If the Gospel is truly the central belief of the church, God will naturally be rooted as the source and subject of worship. Thus, worship should celebrate the attributes and actions of God, who He is, what He has done for us, and for what He will continue to do. Dawn notes, “the word worship comes from the Old English roots weorth, meaning ‘honor’ and ‘worthiness,’ and scipe, signifying ‘to create.’ Within our inadequacies of humanity it is of course impossible to create God’s honor, simply because of the fact that honor is inherent of God. Nevertheless in worship we are called to bring honor to God and to proclaim that He is worthy of praise. When we remember God as the source and subject of worship our response should be celebration.
Where Does the Church get this Wrong?
Or perhaps a better question is, how might our worship services convey something other than the reality that God is central in worship? Dawn suggests several factors are to blame for the loss of God as the object of our worship. This includes lack of teaching on worship, improper motivation of worship, and further that cultural norms and ideals have shifted the way in which many worship services are structured. John Jefferson Davis, in his theological study of the real presence of God in worship, comments on observations of the ‘mega-church’ culture of a church he visited in Denver, Colorado. He writes:
“Here I am in ‘church,’ and I find my attention focused on the television screens, not on the real human being down front… As we left the church, I had something of an epiphany, realizing that even the church furnishings – in this case, the theatre-style seatingwere sending a subliminal message, one that my culture sends continuously: ‘Sit back, relax, and enjoy the show.” (Davis, Worship and the Reality of God, 8.)

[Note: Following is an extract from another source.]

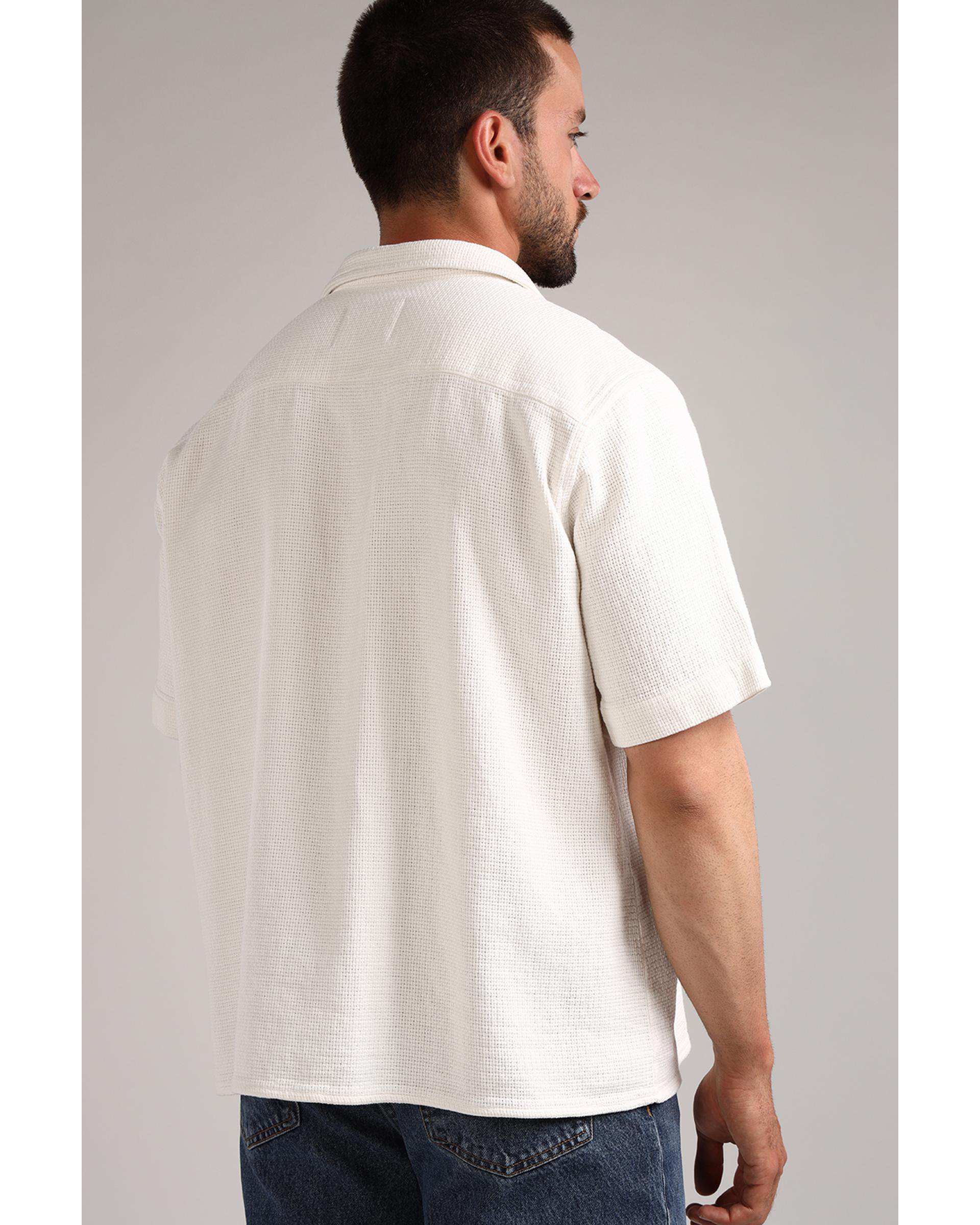 پیراهن مردانه آستین کوتاه سفید سارک Sarak مدل 4702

While reading of his surroundings in this ‘worship’ experience, I became reminded of this perceived performance of contemporary worship, as memory of visiting a mega-church in the Louisville suburbs snuck back into my mind. Like Davis, I recall the oddity it was to see the worship team more visibly on the large video screens (complete with lyrics over their faces) than when actually looking at the platform. Listening to the sermon, again while watching the pastor on the screens because of how far away you are sitting, and arena seating where the people, like in the case of Davis’ experience, were more likely to be holding a cup of coffee in their hands than a Bible.
For myself, this ‘church’ experience was something so different from any other church experience, and I found it difficult to get past the ‘performance’ and ‘entertainment’ culture that had seemingly been broadcast by the entire set-up of this church. We value the entertainment aspect of church, and often leave the service mulling over whether or not we enjoyed the service. Or we find ourselves leaving with the question “what did I get from this service? How has the service met my own needs? All of a sudden, worship becomes less about God (He who is to be worshipped), and more about the individual congregant (He who is to participate in the act of worship).

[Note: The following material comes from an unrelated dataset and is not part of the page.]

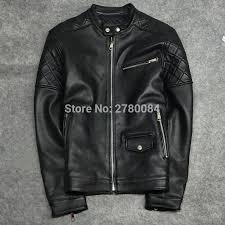 Us 200 0 Gu Seemio Factory Genuine Leather Jacket For Men Short Motorcycle Sheep Skin Male Coat Outwear Short Real Leather For Boy In Genuine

Unfortunately, at time it appears many have too quickly taken the ‘performance based mindset’ that is seen in many mega-churches, and have stamped ‘performance’ on all forms of contemporary evangelical worship. If the music is too loud for our taste, if we are not primarily singing hymns, if songs are accompanied by a praise band, rather than an organ, piano, choir, or orchestra- then it is almost as if the band has to ‘prove’ in some way that ‘it is not about them.’ Davis writes, “worship in ‘Spirit and in truth’ implies and requires a new vision of the real, and new cognitive habits and practices that give access to heavenly realities in worship… Christians today have to fight to take back biblical reality and to train themselves to see reality in a thoroughly different way, through a different ontological way.”
Developing a ‘Weightier’ Ontology
Much of what Davis addresses in his text is this notion that we need to develop a weightier ontology. He writes of three ontologies that ‘compete for shelf space’ within the Christian mind:
1) Scientific Materialism (modernity)
2) Digital Virtualism (post-modernity)
3) Trinitarian Supernaturalism (eternity).
As humanity places greater importance on the ontology of scientific materialism or digital virtualism our understanding of the ontological realty of the Trinitarian God lessens to the point where our worship is more reminiscent of earthly realities than heavenly. In terms of our worship the question should be posed; do we have a Trinitarian ontology that outweighs the cultural influence from the scientific and virtual ontologies that pollute our everyday lives or are these competing ontologies getting in the way of celebrating God in worship?